How can multiple insert statements be considered duplication if they are inserting different things to different tables? My apps have multiple insert statements. They also have multiple calls to "print". Do you count that as a duplication as well?

We can continue the discussion by email if you prefer. It is interesting to me, but we may be getting off topic.

> How can multiple insert statements be considered duplication if they are inserting different things to different tables?

Because they're all the same pattern of code. Whenever you see common patterns, you're missing an abstraction that can greatly simplify things.

Why would I write 100 different insert functions when I can write one that generates itself dynamically using reflection over whatever object it is given? You only need one insert statement, it just needs to be smarter rather than static hand written code.

You need only tag your objects with a little bit of metadata using attributes to give a generic insert/update/select/delete everything it needs to dynamically generate parameterized statements on the fly for every table in the db that you use. Put simply, the only thing I need to do to use a User table in an app is write something like the the following...
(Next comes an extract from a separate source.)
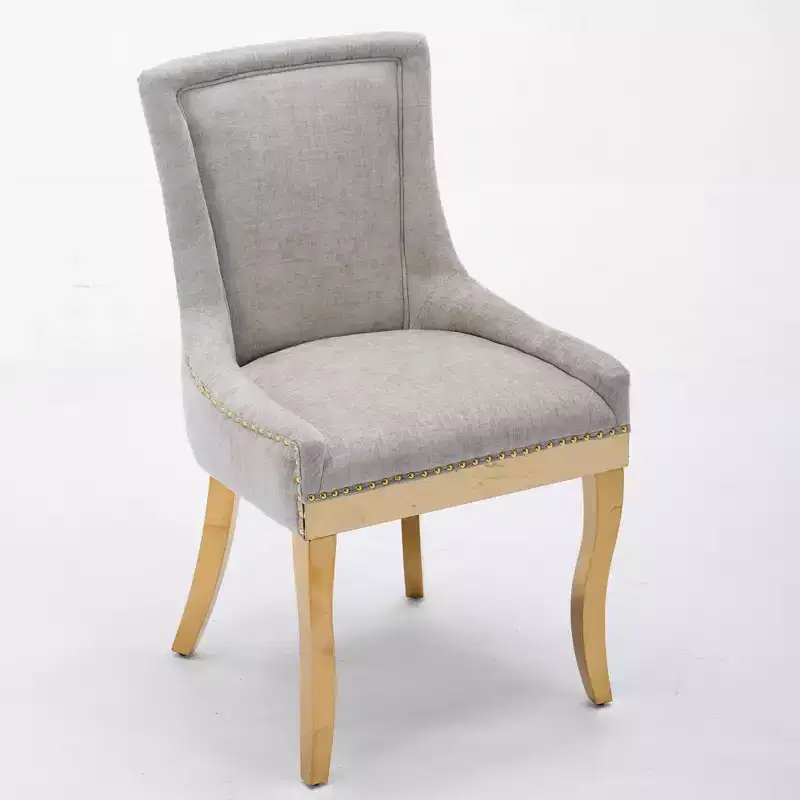 Okak Modern Chenille Dining Chairs Set of 2, Comfy Fabric Chairs with Thick Upholstered, Accent Chairs with Gold - Plated Legs Rivet Trim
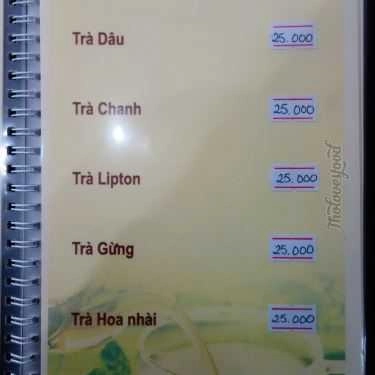 Thực đơn- Mai Linh Cafe - Khách Sạn Mùa Xuân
    class User : ActiveRecord<User> {
        [PersistentString(MaxLength=50, Required=true)]
        public string UserName;

        [PersistentString(MaxLength=50, Required=true)]
        public string Password;

        public string About;

        public User(){}
And I'm done, I can now Find, FindAll, Save, Delete, Count, Sum, Min, Max, Avg, Count, Exists, Not Exists, etc... on those records without writing a line of SQL. All of these methods are inherited from the superclass and work on the table User. The same thing applies to view and stored procedures.

CRUD duplication is fine, because if you're doing it right it's all generated from the schema at build time. It'll have columns sizes in the stored procedures, because those are the sizes of the columns as of last time you updated the schema.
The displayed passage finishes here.